--- Records Enclosed Below ---

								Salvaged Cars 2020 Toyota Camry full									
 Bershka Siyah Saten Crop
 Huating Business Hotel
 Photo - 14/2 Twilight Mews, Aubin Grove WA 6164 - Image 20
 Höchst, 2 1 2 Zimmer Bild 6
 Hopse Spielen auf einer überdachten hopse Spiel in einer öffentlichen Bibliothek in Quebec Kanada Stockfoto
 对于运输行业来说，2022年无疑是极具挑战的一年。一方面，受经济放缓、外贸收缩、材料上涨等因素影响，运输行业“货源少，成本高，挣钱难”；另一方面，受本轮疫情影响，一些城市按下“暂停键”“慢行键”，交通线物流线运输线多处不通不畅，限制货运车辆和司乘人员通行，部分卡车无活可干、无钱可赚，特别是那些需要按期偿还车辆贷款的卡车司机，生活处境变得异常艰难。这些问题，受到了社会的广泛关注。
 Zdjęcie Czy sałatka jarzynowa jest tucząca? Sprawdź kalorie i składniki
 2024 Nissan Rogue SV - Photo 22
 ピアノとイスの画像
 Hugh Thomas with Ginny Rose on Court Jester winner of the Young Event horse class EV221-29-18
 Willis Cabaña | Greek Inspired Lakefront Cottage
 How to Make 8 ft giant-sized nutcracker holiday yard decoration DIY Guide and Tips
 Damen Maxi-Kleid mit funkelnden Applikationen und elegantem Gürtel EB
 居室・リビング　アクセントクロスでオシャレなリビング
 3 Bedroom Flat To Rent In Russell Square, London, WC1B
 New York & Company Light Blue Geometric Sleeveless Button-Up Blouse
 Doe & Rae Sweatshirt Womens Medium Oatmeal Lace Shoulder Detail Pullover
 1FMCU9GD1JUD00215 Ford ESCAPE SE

--- End of Enclosed Records ---

* **Activity**
Your answer must consist solely of the lines above between the line holding "2024 Nissan Rogue SV - Photo 22" and the line holding "New York & Company", inclusive, copied exactly.

* **Exercise answer**
 2024 Nissan Rogue SV - Photo 22
 ピアノとイスの画像
 Hugh Thomas with Ginny Rose on Court Jester winner of the Young Event horse class EV221-29-18
 Willis Cabaña | Greek Inspired Lakefront Cottage
 How to Make 8 ft giant-sized nutcracker holiday yard decoration DIY Guide and Tips
 Damen Maxi-Kleid mit funkelnden Applikationen und elegantem Gürtel EB
 居室・リビング　アクセントクロスでオシャレなリビング
 3 Bedroom Flat To Rent In Russell Square, London, WC1B
 New York & Company Light Blue Geometric Sleeveless Button-Up Blouse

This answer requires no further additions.